## What this task involves
From the entries below, copy exactly the lines from the one that contains "Lames de démolition" through the one that contains "PHW W Stamp", both included, and only those.

## Input data

*** Block opens ***

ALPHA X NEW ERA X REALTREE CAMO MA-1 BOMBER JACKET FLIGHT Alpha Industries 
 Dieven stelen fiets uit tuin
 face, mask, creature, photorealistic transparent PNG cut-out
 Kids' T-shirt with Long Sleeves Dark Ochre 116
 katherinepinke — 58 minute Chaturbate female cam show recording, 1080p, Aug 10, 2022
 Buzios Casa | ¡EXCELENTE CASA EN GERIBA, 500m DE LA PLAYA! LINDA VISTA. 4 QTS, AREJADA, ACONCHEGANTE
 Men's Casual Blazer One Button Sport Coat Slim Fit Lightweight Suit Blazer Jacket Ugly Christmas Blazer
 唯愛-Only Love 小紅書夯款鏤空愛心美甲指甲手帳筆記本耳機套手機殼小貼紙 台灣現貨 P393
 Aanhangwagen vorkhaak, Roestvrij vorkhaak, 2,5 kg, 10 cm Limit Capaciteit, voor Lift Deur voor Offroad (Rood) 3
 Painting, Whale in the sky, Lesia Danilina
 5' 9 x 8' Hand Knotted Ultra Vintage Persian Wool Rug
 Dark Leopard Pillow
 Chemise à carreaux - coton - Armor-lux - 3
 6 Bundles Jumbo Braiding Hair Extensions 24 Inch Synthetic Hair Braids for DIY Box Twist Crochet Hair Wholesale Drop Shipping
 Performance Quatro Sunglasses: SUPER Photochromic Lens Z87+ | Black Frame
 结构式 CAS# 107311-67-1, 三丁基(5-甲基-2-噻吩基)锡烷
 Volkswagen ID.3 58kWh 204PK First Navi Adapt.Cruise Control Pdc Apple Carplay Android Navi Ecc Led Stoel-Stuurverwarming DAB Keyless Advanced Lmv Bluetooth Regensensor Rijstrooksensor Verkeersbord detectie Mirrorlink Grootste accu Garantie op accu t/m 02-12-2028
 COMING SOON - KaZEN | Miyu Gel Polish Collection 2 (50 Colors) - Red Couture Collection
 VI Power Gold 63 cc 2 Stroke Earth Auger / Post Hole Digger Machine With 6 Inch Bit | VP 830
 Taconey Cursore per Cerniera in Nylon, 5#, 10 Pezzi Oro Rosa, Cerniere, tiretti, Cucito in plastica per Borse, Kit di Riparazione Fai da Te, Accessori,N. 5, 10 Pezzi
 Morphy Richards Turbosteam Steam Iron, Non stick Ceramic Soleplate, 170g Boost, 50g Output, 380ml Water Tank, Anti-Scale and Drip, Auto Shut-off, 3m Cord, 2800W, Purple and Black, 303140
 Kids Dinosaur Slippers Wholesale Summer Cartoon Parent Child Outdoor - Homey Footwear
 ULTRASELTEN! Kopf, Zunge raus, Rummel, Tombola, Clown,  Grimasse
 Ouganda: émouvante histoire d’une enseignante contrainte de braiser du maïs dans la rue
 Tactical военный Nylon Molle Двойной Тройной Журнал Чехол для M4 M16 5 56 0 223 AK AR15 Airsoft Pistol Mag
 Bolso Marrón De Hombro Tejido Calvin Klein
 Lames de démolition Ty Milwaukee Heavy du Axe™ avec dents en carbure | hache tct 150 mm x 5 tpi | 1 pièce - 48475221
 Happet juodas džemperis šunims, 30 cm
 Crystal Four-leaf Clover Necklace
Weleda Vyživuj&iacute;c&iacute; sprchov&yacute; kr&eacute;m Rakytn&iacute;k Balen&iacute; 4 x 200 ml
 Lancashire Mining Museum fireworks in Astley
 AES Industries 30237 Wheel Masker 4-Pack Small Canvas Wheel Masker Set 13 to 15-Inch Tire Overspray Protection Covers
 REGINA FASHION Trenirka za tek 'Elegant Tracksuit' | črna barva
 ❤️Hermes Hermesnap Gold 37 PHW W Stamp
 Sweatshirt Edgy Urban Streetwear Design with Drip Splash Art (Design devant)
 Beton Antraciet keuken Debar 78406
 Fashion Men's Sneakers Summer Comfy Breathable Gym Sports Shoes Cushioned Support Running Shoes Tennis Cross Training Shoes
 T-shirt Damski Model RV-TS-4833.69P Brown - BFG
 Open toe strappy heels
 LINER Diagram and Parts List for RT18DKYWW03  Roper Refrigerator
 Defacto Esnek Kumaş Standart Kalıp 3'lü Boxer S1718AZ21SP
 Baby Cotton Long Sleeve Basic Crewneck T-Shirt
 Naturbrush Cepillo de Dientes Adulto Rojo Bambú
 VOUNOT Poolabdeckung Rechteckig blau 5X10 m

*** Block closes ***

## Completed task
 Lames de démolition Ty Milwaukee Heavy du Axe™ avec dents en carbure | hache tct 150 mm x 5 tpi | 1 pièce - 48475221
 Happet juodas džemperis šunims, 30 cm
 Crystal Four-leaf Clover Necklace
Weleda Vyživuj&iacute;c&iacute; sprchov&yacute; kr&eacute;m Rakytn&iacute;k Balen&iacute; 4 x 200 ml
 Lancashire Mining Museum fireworks in Astley
 AES Industries 30237 Wheel Masker 4-Pack Small Canvas Wheel Masker Set 13 to 15-Inch Tire Overspray Protection Covers
 REGINA FASHION Trenirka za tek 'Elegant Tracksuit' | črna barva
 ❤️Hermes Hermesnap Gold 37 PHW W Stamp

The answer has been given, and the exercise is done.